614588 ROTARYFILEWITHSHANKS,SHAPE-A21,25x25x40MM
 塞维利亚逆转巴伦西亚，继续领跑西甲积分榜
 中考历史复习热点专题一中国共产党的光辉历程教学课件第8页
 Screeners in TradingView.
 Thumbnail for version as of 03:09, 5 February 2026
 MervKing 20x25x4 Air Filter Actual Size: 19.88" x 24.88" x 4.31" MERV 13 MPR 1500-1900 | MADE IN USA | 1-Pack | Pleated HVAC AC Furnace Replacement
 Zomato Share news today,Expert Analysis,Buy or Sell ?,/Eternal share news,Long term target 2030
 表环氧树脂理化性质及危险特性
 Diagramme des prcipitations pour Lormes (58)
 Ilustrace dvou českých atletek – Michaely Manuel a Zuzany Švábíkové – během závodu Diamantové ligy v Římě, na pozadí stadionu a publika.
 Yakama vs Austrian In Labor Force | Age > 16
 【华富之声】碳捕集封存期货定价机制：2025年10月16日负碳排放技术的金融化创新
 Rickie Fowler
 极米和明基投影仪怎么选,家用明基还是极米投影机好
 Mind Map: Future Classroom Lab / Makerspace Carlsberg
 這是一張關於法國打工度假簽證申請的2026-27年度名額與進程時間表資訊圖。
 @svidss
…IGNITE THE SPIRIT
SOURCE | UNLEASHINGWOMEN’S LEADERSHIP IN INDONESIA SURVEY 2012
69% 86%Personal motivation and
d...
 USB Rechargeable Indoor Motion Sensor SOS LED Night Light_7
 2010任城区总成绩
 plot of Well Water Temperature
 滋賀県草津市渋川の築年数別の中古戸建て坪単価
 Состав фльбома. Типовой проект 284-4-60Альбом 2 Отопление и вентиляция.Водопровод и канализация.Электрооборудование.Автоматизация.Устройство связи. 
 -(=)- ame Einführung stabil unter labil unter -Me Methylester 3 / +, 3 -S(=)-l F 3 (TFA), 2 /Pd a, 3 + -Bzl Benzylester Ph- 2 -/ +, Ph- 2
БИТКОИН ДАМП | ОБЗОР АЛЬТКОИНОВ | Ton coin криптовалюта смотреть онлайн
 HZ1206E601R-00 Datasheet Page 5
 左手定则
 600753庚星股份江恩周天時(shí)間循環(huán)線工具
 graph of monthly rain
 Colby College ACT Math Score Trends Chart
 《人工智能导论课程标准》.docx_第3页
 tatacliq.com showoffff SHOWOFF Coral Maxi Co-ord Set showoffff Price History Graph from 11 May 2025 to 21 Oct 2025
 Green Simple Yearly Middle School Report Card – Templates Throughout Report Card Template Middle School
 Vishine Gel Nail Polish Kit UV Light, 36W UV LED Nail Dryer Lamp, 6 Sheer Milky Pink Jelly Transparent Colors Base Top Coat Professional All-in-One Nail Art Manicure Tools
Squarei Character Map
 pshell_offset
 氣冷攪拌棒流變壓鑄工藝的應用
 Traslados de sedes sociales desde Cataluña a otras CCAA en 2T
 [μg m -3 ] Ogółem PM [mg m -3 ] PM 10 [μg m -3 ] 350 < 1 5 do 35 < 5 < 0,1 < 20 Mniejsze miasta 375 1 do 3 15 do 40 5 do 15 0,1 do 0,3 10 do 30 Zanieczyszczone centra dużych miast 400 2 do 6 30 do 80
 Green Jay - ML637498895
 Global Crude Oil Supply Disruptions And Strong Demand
++++++++++++++++++++
Assignment:
Would you retype the whole listing, exactly as it reads?

Expected answer:
614588 ROTARYFILEWITHSHANKS,SHAPE-A21,25x25x40MM
 塞维利亚逆转巴伦西亚，继续领跑西甲积分榜
 中考历史复习热点专题一中国共产党的光辉历程教学课件第8页
 Screeners in TradingView.
 Thumbnail for version as of 03:09, 5 February 2026
 MervKing 20x25x4 Air Filter Actual Size: 19.88" x 24.88" x 4.31" MERV 13 MPR 1500-1900 | MADE IN USA | 1-Pack | Pleated HVAC AC Furnace Replacement
 Zomato Share news today,Expert Analysis,Buy or Sell ?,/Eternal share news,Long term target 2030
 表环氧树脂理化性质及危险特性
 Diagramme des prcipitations pour Lormes (58)
 Ilustrace dvou českých atletek – Michaely Manuel a Zuzany Švábíkové – během závodu Diamantové ligy v Římě, na pozadí stadionu a publika.
 Yakama vs Austrian In Labor Force | Age > 16
 【华富之声】碳捕集封存期货定价机制：2025年10月16日负碳排放技术的金融化创新
 Rickie Fowler
 极米和明基投影仪怎么选,家用明基还是极米投影机好
 Mind Map: Future Classroom Lab / Makerspace Carlsberg
 這是一張關於法國打工度假簽證申請的2026-27年度名額與進程時間表資訊圖。
 @svidss
…IGNITE THE SPIRIT
SOURCE | UNLEASHINGWOMEN’S LEADERSHIP IN INDONESIA SURVEY 2012
69% 86%Personal motivation and
d...
 USB Rechargeable Indoor Motion Sensor SOS LED Night Light_7
 2010任城区总成绩
 plot of Well Water Temperature
 滋賀県草津市渋川の築年数別の中古戸建て坪単価
 Состав фльбома. Типовой проект 284-4-60Альбом 2 Отопление и вентиляция.Водопровод и канализация.Электрооборудование.Автоматизация.Устройство связи. 
 -(=)- ame Einführung stabil unter labil unter -Me Methylester 3 / +, 3 -S(=)-l F 3 (TFA), 2 /Pd a, 3 + -Bzl Benzylester Ph- 2 -/ +, Ph- 2
БИТКОИН ДАМП | ОБЗОР АЛЬТКОИНОВ | Ton coin криптовалюта смотреть онлайн
 HZ1206E601R-00 Datasheet Page 5
 左手定则
 600753庚星股份江恩周天時(shí)間循環(huán)線工具
 graph of monthly rain
 Colby College ACT Math Score Trends Chart
 《人工智能导论课程标准》.docx_第3页
 tatacliq.com showoffff SHOWOFF Coral Maxi Co-ord Set showoffff Price History Graph from 11 May 2025 to 21 Oct 2025
 Green Simple Yearly Middle School Report Card – Templates Throughout Report Card Template Middle School
 Vishine Gel Nail Polish Kit UV Light, 36W UV LED Nail Dryer Lamp, 6 Sheer Milky Pink Jelly Transparent Colors Base Top Coat Professional All-in-One Nail Art Manicure Tools
Squarei Character Map
 pshell_offset
 氣冷攪拌棒流變壓鑄工藝的應用
 Traslados de sedes sociales desde Cataluña a otras CCAA en 2T
 [μg m -3 ] Ogółem PM [mg m -3 ] PM 10 [μg m -3 ] 350 < 1 5 do 35 < 5 < 0,1 < 20 Mniejsze miasta 375 1 do 3 15 do 40 5 do 15 0,1 do 0,3 10 do 30 Zanieczyszczone centra dużych miast 400 2 do 6 30 do 80
 Green Jay - ML637498895
 Global Crude Oil Supply Disruptions And Strong Demand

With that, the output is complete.